Opinion
Case No. 91-30946, A.P. No. 92-3079, A.P. No. 92-3022
August 17, 1993
Michael C. Reinert, Attorney for Debtor Resources.
Kenneth W. Kable, for Education Institute, Inc.
Randall L. Frank, Attorney for Massachusetts Higher Education Assistance Corporation.
Thomas J. Bleau, Chapter 7 Trustee.
OPINION REGARDING DISCHARGEABILITY OF STUDENT LOANS
Section 523(a)(8) provides in pertinent part that a student debt is nondischargeable "unless — . . . (B) excepting such debt from discharge . . . will impose an undue hardship on the debtor and the debtor's dependents." The issue in these consolidated adversary proceedings is whether the Debtor qualifies for this undue-hardship exception.
This opinion uses the term "student debt" as a shorthand reference to "an educational . . . loan made, insured, or guaranteed by a governmental unit, or made under any program funded in whole or in part by a governmental unit or nonprofit institution." 11 U.S.C. § 523(a)(8).
The Debtor owes student debts totaling approximately $43,000. Of this amount, about $8,000 is owed to The Education Resources Institute, Inc. ("TERI"), and roughly $35,000 is owed to the Massachusetts Higher Education Assistance Corporation ("MHEA"). The Debtor, who holds a masters degree in elementary education, is employed full time as a teacher in a local parochial school, and earns $10,600 per year. The Debtor is also paid $50 per week ($1.25 per hour) to babysit the children of her former fiancé while school is in recess during the summer.
The Debtor testified at trial to the effect that, despite good-faith efforts on her part, she has been unable to secure a better-paying position in the educational field, and that she does not anticipate finding such a position in the foreseeable future. Similarly, she testified that the babysitting job is the only summer employment she has been able to find.
Before determining whether these facts establish an undue hardship, I must first define the appropriate standard for making that determination. In this regard, the court in In re Johnson, 5 B.C.D. 532 (Bankr.E.D.Pa. 1979) articulated a three-pronged test. Under the first prong, the "mechanical test," the court must determine whether "the debtor's future financial resources for the longest foreseeable period of time allowed for repayment of the loan . . . [is] sufficient to support the debtor and his dependent at a subsistence or poverty standard of living, as well as to fund repayment of the student loan." Id. at 544. The "good faith test" requires the court to consider whether "the debtor [was] negligent or irresponsible in his efforts to minimize expenses, maximize resources, or secure employment." Id. Under the "policy test,"

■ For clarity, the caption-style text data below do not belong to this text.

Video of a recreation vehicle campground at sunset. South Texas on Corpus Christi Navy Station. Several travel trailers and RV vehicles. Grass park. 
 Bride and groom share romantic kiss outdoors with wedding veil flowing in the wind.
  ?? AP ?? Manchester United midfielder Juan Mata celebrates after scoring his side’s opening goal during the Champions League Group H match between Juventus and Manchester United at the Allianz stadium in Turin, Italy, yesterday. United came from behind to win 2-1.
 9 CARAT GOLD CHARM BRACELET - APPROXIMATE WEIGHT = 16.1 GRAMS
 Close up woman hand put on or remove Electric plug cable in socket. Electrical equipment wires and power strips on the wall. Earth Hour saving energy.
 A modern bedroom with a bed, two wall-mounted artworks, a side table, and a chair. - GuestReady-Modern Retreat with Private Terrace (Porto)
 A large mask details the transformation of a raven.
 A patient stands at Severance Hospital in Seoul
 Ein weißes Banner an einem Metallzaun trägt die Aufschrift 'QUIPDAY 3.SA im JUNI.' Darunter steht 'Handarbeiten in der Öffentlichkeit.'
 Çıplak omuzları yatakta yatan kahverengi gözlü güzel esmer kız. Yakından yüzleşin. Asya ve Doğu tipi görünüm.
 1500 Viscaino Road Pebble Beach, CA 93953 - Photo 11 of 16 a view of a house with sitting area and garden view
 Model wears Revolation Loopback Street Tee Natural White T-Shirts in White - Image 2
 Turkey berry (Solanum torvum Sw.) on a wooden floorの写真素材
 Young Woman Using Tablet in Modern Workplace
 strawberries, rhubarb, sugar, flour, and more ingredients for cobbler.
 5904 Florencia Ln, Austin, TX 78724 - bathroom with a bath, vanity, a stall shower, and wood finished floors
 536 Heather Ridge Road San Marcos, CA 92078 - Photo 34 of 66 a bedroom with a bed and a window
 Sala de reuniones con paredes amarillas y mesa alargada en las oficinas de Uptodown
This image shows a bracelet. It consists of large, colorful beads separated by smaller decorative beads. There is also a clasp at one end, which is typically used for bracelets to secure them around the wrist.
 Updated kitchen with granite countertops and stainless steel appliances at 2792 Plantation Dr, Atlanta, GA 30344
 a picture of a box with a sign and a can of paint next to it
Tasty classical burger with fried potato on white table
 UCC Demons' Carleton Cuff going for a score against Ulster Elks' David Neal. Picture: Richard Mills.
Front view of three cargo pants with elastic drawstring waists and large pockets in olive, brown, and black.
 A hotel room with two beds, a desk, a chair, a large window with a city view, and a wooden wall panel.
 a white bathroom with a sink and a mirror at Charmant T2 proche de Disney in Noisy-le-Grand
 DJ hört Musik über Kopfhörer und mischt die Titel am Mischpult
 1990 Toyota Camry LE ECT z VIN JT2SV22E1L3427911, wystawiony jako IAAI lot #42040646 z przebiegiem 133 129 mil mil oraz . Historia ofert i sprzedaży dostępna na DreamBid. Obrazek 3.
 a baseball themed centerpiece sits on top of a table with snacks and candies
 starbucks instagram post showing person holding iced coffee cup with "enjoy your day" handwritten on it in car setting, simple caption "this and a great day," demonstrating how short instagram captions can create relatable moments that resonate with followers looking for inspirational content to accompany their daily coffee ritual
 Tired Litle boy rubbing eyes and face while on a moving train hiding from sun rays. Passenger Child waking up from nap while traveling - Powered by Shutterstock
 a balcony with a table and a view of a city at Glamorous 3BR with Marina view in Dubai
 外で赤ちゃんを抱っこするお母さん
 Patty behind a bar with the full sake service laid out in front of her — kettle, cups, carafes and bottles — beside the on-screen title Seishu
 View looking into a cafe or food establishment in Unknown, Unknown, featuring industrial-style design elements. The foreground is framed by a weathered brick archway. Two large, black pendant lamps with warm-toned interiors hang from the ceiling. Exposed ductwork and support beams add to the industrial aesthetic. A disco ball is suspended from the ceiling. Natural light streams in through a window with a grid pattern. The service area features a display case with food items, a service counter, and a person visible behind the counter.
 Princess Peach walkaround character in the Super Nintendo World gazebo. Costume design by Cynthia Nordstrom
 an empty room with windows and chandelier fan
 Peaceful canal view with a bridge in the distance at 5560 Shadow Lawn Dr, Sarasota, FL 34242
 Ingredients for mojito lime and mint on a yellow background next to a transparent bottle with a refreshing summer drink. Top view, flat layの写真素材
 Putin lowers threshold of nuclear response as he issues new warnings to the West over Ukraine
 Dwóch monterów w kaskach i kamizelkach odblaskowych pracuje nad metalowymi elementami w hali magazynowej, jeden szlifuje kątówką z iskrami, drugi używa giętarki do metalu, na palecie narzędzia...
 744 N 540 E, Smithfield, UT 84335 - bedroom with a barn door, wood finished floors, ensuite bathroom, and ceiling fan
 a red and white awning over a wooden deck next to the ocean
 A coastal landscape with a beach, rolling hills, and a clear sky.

The court must ask: Do the circumstances — i.e., the amount and percentage of total indebtedness of the student loan and the employment prospects of the petitioner indicate:
(a) That the dominant purpose of the bankruptcy petition was to discharge the student debt, or
(b) That the debtor has definitely benefited financially from the education which the loan helped to finance?
Id. Although Johnson is a pre-Bankruptcy Code case, its analysis has since been accepted in one form or another by a number of courts for purposes of § 523(a)(8)(B). See, e.g., In re Koch, 144 B.R. 959, 963, 27 C.B.C.2d 1311 (Bankr.W.D.Pa. 1992); In re Foreman, 119 B.R. 584, 587 (Bankr.S.D.Ohio 1990); In re Lohman, 79 B.R. 576, 582-83 (Bankr. D. Vt. 1987).
In In re Connor, 83 B.R. 440 (Bankr.E.D.Mich. 1988), however, this Court suggested a different approach. There I determined that the undue-hardship exception was inapplicable because discharging the student debt would have no appreciable impact on the debtor's standard of living, let alone pose an undue hardship. My reasoning was as follows:
[W]e determine that this debtor's lot would not benefit in any cognizable fashion if the discharge she received over five years ago were determined to extend to these student loans. . . . In our view, a debtor without present income or wealth and without reasonable prospect of future income or wealth is not entitled to have his or her student loans declared discharged on account of "undue hardship"! We conclude thusly because of our recognition of one overriding practical imperative — a discharge of the debt is irrelevant. If a penurious debtor's student loans are wiped clean, will that debtor live any better? Of course not. The debtor would "take home" not one cent more on account of a discharge, since, by definition, the debtor has no income (or an income so low as to be beyond the reach of garnishments); and there would be no non-exempt wealth to levy upon. In short, the uncollectible student loan debtor needs no discharge at all — be it for student loans or any other type of debt.
. . .
From a practical standpoint, if we were to agree that this debtor has no reasonable likelihood of obtaining gainful employment in the reasonably foreseeable future, we would have to hold that since she would not be harmed if the student loans remained her debts, hers is not an "undue hardship" case. At present, she is uncollectible . . . .
Id. at 444.
The analysis in Connor may differ from Johnson because the latter case was operating from a different premise. In Johnson, the court was concerned with whether "repayment [of the loan] would impose `undue hardship.'" 5 B.C.D. at 544. That was logical because the relevant statute specified that a student debt could not "be released by a discharge in bankruptcy under the Bankruptcy Act . . . [unless] the court in which the proceeding is pending determines that payment from future income or other wealth will impose an undue hardship on the debtor or his dependents." 20 U.S.C. § 1087-3(a) (repealed 1978) (emphasis added; quoted in Johnson, 5 B.C.D. at 532). Because that statute focused on the hardship caused by "payment" of the student debt, the approach taken by the court in Johnson seems straightforward.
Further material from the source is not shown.